First, BUN, SCr, serum sodium (Na), serum potassium (K), serum chloride (Cl), creatine kinase (CK), serum triiodothyronine (T3) and serum thyroxine (T4) were consecutively measured in 16 patients (aged 18-62 yrs, 4 males and 12 females) with Graves' disease before and during antithyroid drug therapy, and 16 healthy subjects (aged 22-64 yrs, 4 males and 12 females) served as controls.
BUN (14.8±2.9mg/100ml) was significantly higher (p<0.01), and SCr (0.62±0.16mg/100ml) and CK (41.7±23.6U/l) were significantly lower (p<0.01) in untreated patients compared to respective values in the control group (BUN, 13.2±2.9mg/100ml; SCr, 0.87±0.16mg/100ml; CK, 99.3±49.5U/l). Consequently, BUN/SCr ratio was significantly elevated (p<0.01) in the patients. As T4 and T3 returned to normal, BUN, SCr, BUN/SCr ratio and CK of the patients also normalized. Serum electrolytes were not significantly different in the patients compared to the controls.

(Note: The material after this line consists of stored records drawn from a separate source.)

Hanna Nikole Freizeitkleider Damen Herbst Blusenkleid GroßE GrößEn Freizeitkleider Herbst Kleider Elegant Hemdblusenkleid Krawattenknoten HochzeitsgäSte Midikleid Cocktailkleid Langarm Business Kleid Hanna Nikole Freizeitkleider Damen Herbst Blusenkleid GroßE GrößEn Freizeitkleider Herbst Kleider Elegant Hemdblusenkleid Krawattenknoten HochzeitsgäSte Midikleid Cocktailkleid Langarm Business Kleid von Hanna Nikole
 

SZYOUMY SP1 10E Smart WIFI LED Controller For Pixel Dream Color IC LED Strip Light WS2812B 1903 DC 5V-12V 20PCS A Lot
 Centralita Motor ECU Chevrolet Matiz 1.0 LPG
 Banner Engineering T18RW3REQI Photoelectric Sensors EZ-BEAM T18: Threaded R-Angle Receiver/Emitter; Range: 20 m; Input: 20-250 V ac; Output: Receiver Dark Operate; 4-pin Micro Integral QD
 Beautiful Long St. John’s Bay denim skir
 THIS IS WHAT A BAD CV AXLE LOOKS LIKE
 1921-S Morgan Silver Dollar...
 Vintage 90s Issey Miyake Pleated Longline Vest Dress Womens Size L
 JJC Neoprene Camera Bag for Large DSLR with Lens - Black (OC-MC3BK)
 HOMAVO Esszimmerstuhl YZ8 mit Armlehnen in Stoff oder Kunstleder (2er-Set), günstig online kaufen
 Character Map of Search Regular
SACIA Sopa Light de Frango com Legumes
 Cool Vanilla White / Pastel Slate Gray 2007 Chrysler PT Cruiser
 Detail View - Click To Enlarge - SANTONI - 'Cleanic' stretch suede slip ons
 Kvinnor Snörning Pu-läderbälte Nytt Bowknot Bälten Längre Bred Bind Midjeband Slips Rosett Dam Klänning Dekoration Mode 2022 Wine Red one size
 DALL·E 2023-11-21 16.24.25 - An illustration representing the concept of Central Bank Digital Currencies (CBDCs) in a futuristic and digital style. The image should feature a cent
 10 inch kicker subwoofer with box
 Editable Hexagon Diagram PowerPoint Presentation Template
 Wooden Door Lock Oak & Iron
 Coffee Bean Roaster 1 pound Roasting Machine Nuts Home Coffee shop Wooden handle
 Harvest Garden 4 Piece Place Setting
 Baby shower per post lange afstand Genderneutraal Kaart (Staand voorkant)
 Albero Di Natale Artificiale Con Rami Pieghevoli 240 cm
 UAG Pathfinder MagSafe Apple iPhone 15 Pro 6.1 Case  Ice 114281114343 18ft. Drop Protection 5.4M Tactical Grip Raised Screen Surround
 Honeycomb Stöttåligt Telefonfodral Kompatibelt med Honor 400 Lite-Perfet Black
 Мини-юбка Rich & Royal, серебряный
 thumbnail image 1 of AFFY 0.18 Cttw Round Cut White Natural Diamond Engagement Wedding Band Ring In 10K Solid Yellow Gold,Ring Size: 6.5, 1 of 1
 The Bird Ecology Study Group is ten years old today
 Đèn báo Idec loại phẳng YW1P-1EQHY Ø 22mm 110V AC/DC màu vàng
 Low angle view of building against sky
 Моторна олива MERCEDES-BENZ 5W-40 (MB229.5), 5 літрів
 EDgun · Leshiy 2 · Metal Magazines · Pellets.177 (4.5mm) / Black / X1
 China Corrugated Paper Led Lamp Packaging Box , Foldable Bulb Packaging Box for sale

Second, renal clearance of para-aminohippurate (CPAH), inulin (CIN), creatinine (CCr), free water (CH2O) and chloride (CCl) was evaluated in 7 untreated patients (aged 17-44 yrs, 4 males and 3 females) and in 7 controls (aged 24-39 yrs, 5 males and 2 females).
In patients with untreated Graves' disease, CPAH/CCr and Curea. were significantly greater than in the controls (847±367 vs 442±124ml/min, p<0.05, 132.7±14.7 vs 76.6±14.4ml/min, p<0.01, and 86.9±16.0ml/min vs 52.1±12.6ml/min, p<0.05, respectively). CIn. was slightly but insignificantly increased in the patients (95.3±20.8ml/min) compared to the controls (76.7±13.3ml/min). As a result, CCr/CIn and Curea/CIn were significantly greater in the patients than in the controls (142.7±32.0 vs 100.7±7.1%, p<0.01, 92.4±18.7 vs 68.4±14.4%, p<0.05, respectively). The difference between CCr and CIn indicates that 40% of urinary creatinine is of tubular origin. Renal excretion of urea and creatinine was increased by 117% and decreased by 77%, respectively in the patients, but the differences were not statistically significant. Distal tubule delivery{DTD, (CH2O+CCl)/CIn×100}in the patients was significantly less than in the controls (6.76±4.60 vs 13.1±2.7%, p<0.05), but distal fractional chloride reabsorption{DFCR, CH2O/(CH2O+CCl)×100}was not significantly different.
We conclude that in patients with Graves' disease, 1) BUN/SCr ratio is increased due to elevation of BUN and decrease of SCr, 2) elevation of BUN is due to increased urea production but not due to decreased urinary excretion, 3) decreased serum creatinine is due to increased renal clearance resulting from excessive tubular secretion, and decreased creatinine production may also contribute to low SCr, 4) distal tubule delivery is decreased, suggesting an increase in reabsorption of water and sodium from the proximal tubule and/or the loop of Henle.